- **THE TASK**: In the records below, the relevant part opens with the line containing "RELAXING SOUNDS FOR" and closes with the line containing "istock quail eggs"; print that part exactly and only, without its pictures.
── GIVEN RECORDS
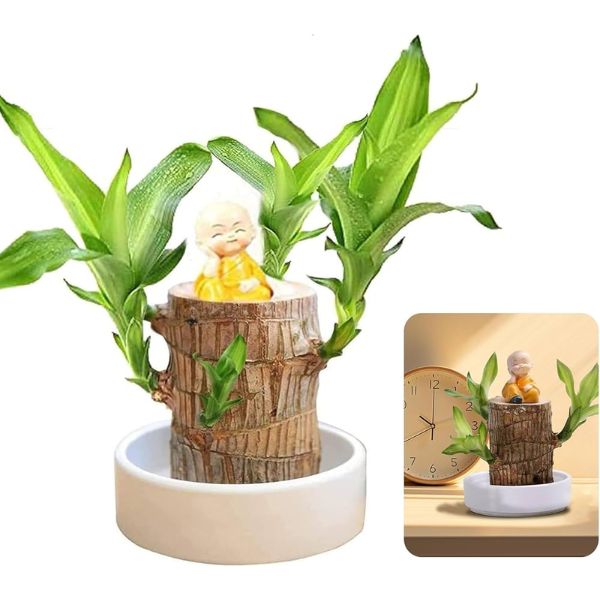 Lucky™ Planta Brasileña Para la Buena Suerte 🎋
────
── GIVEN RECORDS
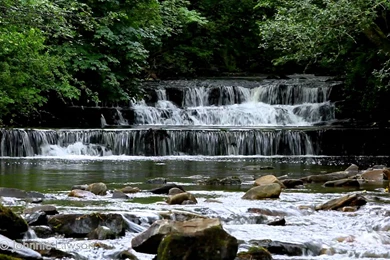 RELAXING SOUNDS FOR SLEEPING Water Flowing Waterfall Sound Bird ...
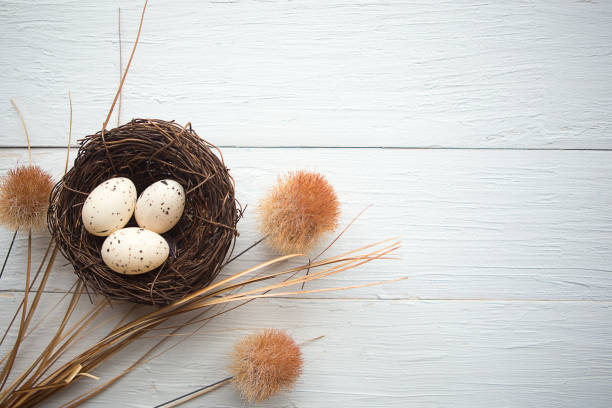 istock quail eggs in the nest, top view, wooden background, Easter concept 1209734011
────
- **RESULT BELOW**:
 RELAXING SOUNDS FOR SLEEPING Water Flowing Waterfall Sound Bird ...
 istock quail eggs in the nest, top view, wooden background, Easter concept 1209734011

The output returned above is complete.